“My god, it’s worse than I thought…”
After the fireworks on Wednesday, it was time to get the Second Trevor Linden era underway. The Canucks clearly aren’t in win mode anymore, as the team sat Jason Garrison and Eddie Lack in favour of Frank Corrado and *gasp* Jakob Markstrom, and responded in turn with another loss, their 34th of the season. Fortunately, piling up the losses is probably good for the long-term health of this franchise as every point in the standings avoided brings Vancouver closer to a potential future top-6 centre.
So in the grand scheme of things, Thursday’s 4-2 loss to the Avalanche isn’t the worst thing that could have happened. Read past the jump for more.
There seemed to be a lot of just going through the motions at times for the Canucks. I mean, you can’t really blame them because it was an entirely meaningless game and it would benefit the franchise to lose games at this point so they can get a better draft position and consequently be in a better position to win the Stanley Cup in the future. Both teams were fairly even early, but then the Sedins picked up their play and started to hem the Avalanche in on some shifts. Henrik would break the ice too, deflecting a Dan Hamhuis point shot past Semyon Varlamov to make the score 1-0:
The Avs responded later in the period, as Nicklas Jensen made a horrible turnover at the offensive blueline, sending
future Canuck Paul Stastny in all alone on Jakub Markstrom. Stastny fired the puck through Markstrom’s 5-hole to tie the game at 1-1. As awful as the Jensen giveaway was, I thought he had a pretty good game riding shotgun with the Sedins, and made a really good play later in the game to help set up a glorious chance for Alex Edler. It’ll be interesting to see how Jensen plays when he’s removed from the Sedins though. He does have a 58.2% Corsi on the season, but also a nearly 70% offensive zone start rate and all of his 5v5 time spent with either Henrik or Kesler. Unlike a guy like Zack Kassian, Jensen has been given every opportunity to flourish offensively, which is funny since Kassian has been a more prolific scorer than Jensen at every level of hockey.
Paul Stastny would score once again early in the third period to give the Avalanche a 2-1 lead. With the Canucks standing around and puck-watching in their own zone, Stastny was able to pounce on a rebound in the slot and hammer one by Markstrom.
The Avs lead was short-lived however, as David Booth was able to chip a puck over Varlamov for his 9th goal of the year:
For a moment, it looked like Vancouver was in danger of losing out on a valuable 0 points in the standings. Fortunately, Victoria, B.C.’s own Tyson Barrie saved the day for #tanknation as he jumped in on a 2-on-1, threw a beauty of a move on Alex Edler, and fired a shot under the arm of Jake Markstrom, giving the Avs a 3-2 lead that they would hold on to. John Mitchell added a powerplay empty netter to give Colorado a 4-2 win.

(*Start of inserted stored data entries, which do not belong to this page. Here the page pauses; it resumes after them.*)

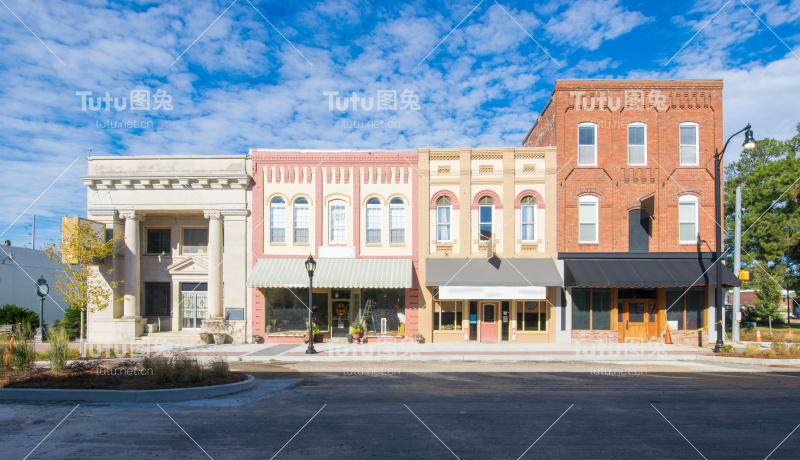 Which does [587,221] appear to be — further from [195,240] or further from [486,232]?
[195,240]

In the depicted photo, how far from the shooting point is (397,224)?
22016 millimetres

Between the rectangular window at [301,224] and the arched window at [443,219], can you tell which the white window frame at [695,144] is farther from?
the rectangular window at [301,224]

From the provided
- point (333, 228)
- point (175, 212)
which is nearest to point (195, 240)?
point (175, 212)

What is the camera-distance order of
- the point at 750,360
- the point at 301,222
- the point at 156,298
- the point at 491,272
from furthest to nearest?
1. the point at 156,298
2. the point at 301,222
3. the point at 491,272
4. the point at 750,360

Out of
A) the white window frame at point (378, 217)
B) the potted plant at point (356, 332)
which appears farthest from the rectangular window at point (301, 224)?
the potted plant at point (356, 332)

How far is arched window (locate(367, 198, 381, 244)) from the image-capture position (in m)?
22.0

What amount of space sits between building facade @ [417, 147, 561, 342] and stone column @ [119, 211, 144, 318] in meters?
14.1

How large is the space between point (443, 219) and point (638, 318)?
1052 cm

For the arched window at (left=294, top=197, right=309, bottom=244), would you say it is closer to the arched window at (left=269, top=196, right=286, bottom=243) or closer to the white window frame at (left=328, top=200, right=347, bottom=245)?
the arched window at (left=269, top=196, right=286, bottom=243)

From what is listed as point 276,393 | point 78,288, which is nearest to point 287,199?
point 78,288

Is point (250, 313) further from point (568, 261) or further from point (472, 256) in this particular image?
point (568, 261)

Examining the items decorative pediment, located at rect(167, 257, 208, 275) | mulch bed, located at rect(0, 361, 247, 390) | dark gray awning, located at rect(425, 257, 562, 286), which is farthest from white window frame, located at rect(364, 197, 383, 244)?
mulch bed, located at rect(0, 361, 247, 390)

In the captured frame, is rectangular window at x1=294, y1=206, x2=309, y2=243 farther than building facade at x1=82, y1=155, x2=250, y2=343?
Yes

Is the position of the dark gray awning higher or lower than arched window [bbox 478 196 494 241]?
lower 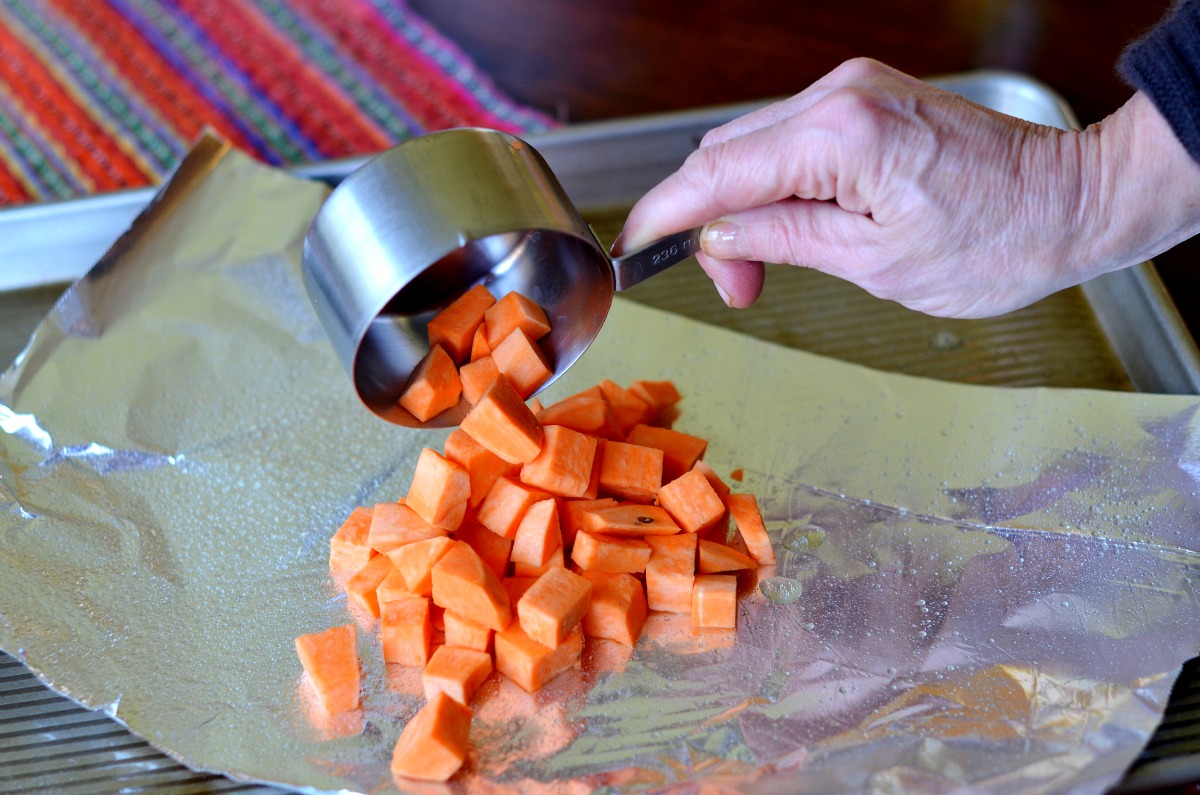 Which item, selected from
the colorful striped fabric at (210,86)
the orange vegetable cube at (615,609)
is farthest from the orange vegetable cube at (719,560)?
the colorful striped fabric at (210,86)

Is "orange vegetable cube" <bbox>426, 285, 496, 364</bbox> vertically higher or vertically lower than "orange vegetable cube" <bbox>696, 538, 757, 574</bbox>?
higher

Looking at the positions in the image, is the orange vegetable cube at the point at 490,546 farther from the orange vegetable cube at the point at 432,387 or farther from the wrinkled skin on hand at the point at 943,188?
the wrinkled skin on hand at the point at 943,188

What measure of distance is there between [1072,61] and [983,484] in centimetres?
155

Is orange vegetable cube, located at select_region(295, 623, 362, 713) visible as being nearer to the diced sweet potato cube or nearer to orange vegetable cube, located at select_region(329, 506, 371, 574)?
orange vegetable cube, located at select_region(329, 506, 371, 574)

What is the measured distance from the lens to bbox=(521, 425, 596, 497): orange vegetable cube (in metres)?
1.55

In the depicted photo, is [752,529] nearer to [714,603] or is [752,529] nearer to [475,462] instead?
[714,603]

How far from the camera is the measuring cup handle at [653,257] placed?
4.84 feet

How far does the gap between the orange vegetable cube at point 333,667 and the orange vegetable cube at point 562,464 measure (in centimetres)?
35

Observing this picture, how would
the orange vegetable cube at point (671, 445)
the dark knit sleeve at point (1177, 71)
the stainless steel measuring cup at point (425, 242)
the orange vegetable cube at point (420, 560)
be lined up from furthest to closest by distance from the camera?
the orange vegetable cube at point (671, 445) < the orange vegetable cube at point (420, 560) < the stainless steel measuring cup at point (425, 242) < the dark knit sleeve at point (1177, 71)

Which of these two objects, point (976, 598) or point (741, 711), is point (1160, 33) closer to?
point (976, 598)

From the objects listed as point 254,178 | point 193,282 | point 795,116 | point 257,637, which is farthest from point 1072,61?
point 257,637

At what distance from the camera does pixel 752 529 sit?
1.60m

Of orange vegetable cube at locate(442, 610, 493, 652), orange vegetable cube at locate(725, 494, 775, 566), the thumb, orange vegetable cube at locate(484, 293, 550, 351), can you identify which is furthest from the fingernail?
orange vegetable cube at locate(442, 610, 493, 652)

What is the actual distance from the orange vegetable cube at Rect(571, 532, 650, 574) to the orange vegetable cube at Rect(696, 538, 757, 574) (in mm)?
86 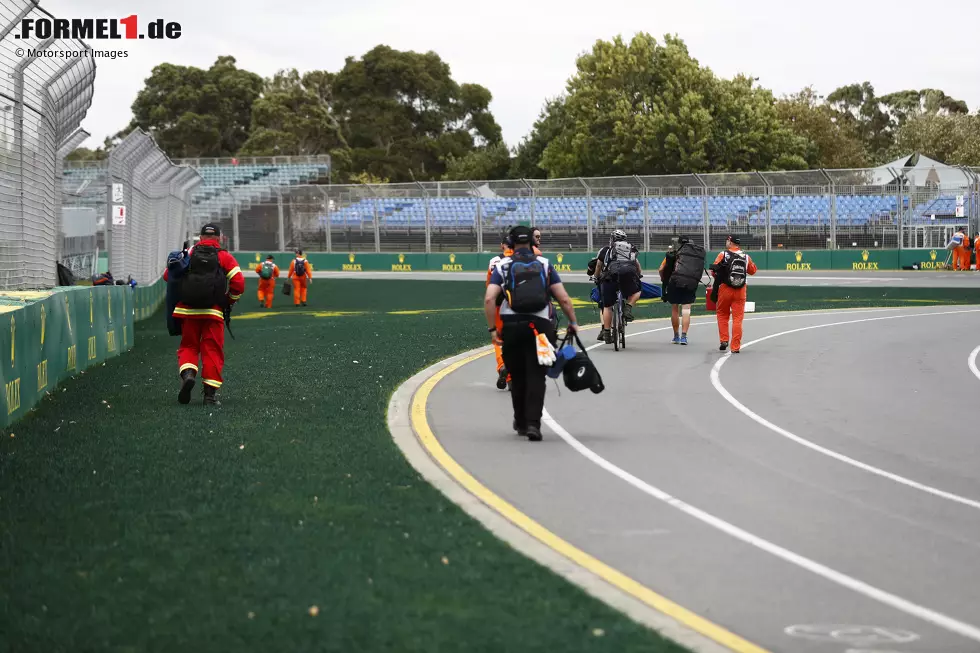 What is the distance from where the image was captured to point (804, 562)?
20.7ft

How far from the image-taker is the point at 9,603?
17.1ft

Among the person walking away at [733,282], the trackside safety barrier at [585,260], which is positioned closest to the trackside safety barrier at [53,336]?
the person walking away at [733,282]

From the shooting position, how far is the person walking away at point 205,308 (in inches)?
450

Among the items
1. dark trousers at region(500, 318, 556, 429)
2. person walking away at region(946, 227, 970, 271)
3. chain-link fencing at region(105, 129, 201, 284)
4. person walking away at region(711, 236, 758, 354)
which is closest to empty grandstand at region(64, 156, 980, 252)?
person walking away at region(946, 227, 970, 271)

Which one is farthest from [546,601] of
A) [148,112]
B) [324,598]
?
[148,112]

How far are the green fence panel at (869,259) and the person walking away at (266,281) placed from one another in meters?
22.6

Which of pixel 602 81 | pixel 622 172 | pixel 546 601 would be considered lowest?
pixel 546 601

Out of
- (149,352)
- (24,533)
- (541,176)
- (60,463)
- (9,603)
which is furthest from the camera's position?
(541,176)

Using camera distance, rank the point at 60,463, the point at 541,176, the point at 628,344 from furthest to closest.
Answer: the point at 541,176 < the point at 628,344 < the point at 60,463

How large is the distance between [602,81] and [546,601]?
6748 cm

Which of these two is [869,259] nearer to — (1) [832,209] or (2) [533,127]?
(1) [832,209]

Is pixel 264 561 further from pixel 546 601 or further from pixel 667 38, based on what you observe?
pixel 667 38

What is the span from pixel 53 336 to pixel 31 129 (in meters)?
2.32

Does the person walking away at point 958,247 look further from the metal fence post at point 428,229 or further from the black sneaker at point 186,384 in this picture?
the black sneaker at point 186,384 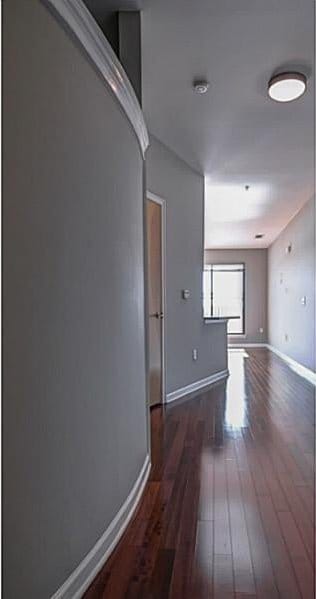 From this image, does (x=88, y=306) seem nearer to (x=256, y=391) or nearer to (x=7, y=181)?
(x=7, y=181)

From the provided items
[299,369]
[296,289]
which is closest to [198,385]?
[299,369]

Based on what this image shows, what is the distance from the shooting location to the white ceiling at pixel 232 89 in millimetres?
2641

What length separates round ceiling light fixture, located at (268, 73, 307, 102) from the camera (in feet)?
10.5

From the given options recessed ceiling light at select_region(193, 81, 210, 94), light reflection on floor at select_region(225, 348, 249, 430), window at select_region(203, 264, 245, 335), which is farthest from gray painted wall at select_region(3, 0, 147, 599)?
window at select_region(203, 264, 245, 335)

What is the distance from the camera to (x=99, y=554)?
1807 mm

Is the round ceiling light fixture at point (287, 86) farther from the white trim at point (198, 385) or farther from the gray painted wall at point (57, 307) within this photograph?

Keeping this short and sweet since none of this really matters any more, but the Sedins were pretty dominant tonight. Henrik posted a game high 79.2% Corsi, while Daniel was a close second at 76.9%. Interestingly enough, they looked fresh at the end of the game after playing only 17 minutes and starting 93% of their shifts in the offensive zone. Huh, it’s almost as if a coach could maximize their effectiveness by deploying them like that every night.
I thought Markstrom was fine, despite a poor 0.888 save percentage. The three goals that were scored on him were really talented players in grade-A scoring chance areas, so some nights some of those are going to go in. But, we’ll see if this is a continuation of a trend or if he shows improvement. We’ll have to wait for next year to see that, though.
Vancouver currently has the 7th overall pick in the NHL entry draft if the season were to end today, and could potentially move as high as 5th if they lose out and Calgary wins out, and as low as 11th. There will be some pretty intriguing names available in that range, guys like Nikolaj Ehlers, Willie Nylander, Kasperi Kapanen, Anthony DeAngelo, and Nick Ritchie, but for my money there’s a bit of a drop-off in talent after the Reinhart/Bennett/Draisaitl/Dal Colle group (Ekblad, as with all defensemen, carries proportionately more risk than a forward). It would certainly benefit Vancouver to move as close to this top-5 group as possible, just in case one of those top-4 forwards slides.
We’ll have far more draft content once the regular season is completely over, as well as a bunch more fun stuff on the Army. I don’t know if I’ll get the chance to recap another game this season, so if I don’t, I’d like to thank you guys for reading these recaps and making this disappointing year enjoyable. We look forward to seeing you when the Greatest Tank Battle of the season happens on Saturday, as the Edmonton Oilers, veterans of eight consecutive tank battles, roll in their Panzer division on Saturday night. See you then.